1. Oil Hits 1-Month Low as Iran Seethes

Protests against the Iranian regime spread across the country for a second day on Sunday, indicating that the bout of instability triggered by the U.S.’s assassination of Revolutionary Guards commander Qassem Soleimani may not yet have run its course.

President Donald Trump issued a tweet in support of the protesters in Farsi over the weekend, adding : “DO NOT KILL YOUR PROTESTERS” in a separate tweet in English aimed at the regime.

Crude oil prices suggest, however, that any tension over a confrontation has well and truly passed. By 6:15 AM ET (11:15 GMT) U.S. crude futures were flat at $59.04 a barrel, having hit a one-month low of $58.71 a barrel overnight. Brent crude was down 0.1% at $64.94 a barrel.

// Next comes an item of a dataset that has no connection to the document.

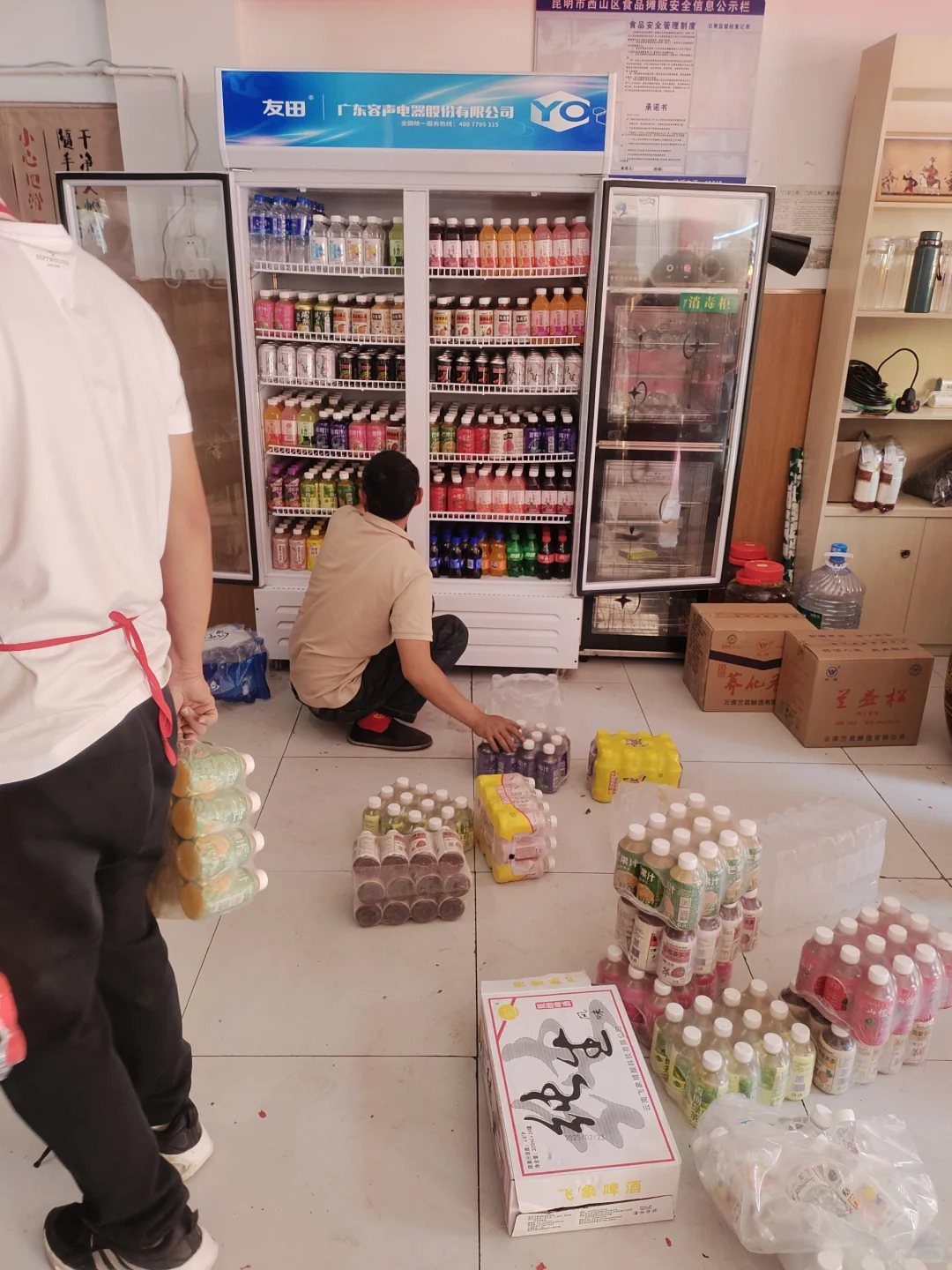 00后女大放弃考公，回家继承百万产业！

2. Stocks set for higher opening

U.S. stock markets are set to open clearly higher amid a fading of global concerns about conflict between the U.S. and Iran ebb, and anticipation of the U.S.-China trade deal being signed on Wednesday.

By 6 AM ET (1100 GMT), Dow futures were up 127 points or 0.4%, while the S&P 500 futures contract was also up 0.4% and the Nasdaq 100 futures was up a touch more, by 0.5%.

With little on the earnings or data calendar Monday, the market is left to ruminate on a weaker-than-expected jobs report on Friday, or to look forward to the start of earnings season with results from JPMorgan (NYSE:JPM), Citigroup (NYSE:C) and Wells Fargo (NYSE:WFC) on Tuesday.

3. Emerging currencies march higher, led by China

The Chinese currency hit its highest level in over five months against the dollar, as optimism over the economic outlook strengthens ahead of the expected signing of a phase-1 trade deal between the U.S. and China on Wednesday.

The official yuan rate rose as high as 6.8883 to the dollar, its highest since the end of July, when President Donald Trump abruptly escalated the trade war with threats of new import tariffs.

The trade détente has also boosted other emerging market currencies to notable highs. The Russian ruble hit its highest in 20 months against the dollar. The Indonesian rupiah, the Turkish lira and Indian rupee have all risen by between 1.4% and 2.0% against the greenback in the last week as the trade and geopolitical outlooks have improved.

4. U.K. GDP shrunk in November, boosting rate cut hopes

The U.K. economy unexpectedly shrunk in November ahead of the country's general election, strengthening expectations of an interest rate cut from the Bank of England and pushing the pound down below $1.30 for the first time this year.

Gross domestic product fell 0.3% in November, missing forecasts for a flat reading. Industrial production and manufacturing output also weakened. The data mean that growth of 0.1% to 0.2% will be needed in December to stop the economy shrinking in the fourth quarter overall.

Over the weekend, another of the BoE’s rate-setters, Gertjan Vlieghe, had said that the case for an interest rate cut now was building. Vlieghe’s comments followed similarly dovish remarks from BoE Governor Mark Carney and monetary policy committee member Silvana Tenreyro last week.

5. Ford flops in China; Porsche roars

Ford Motor (NYSE:F) reported another dire set of sales in China, the world’s largest auto market, and said that the outlook for 2020 is even worse. Ford’s sales in China fell 26% last year, less than half of what it sold there in 2016, its peak year for sales. It said it expected the local market to keep shrinking this year.

Elsewhere, the Financial Times reported that Nissan (OTC:NSANY) is stepping up contingency plans for a divorce from France’s Renault (PA:RENA), its long-term alliance partner. The news pushed Renault shares down over 2% in Paris.

There was better news from Germany’s Porsche, part of the Volkswagen (DE:VOWG_p) group. It said global sales rose 10% to 281,000, due largely to demand for its Cayenne and Macan SUVs. It also said its all-electric Taycan, introduced halfway through last year, should also boost sales momentum this year.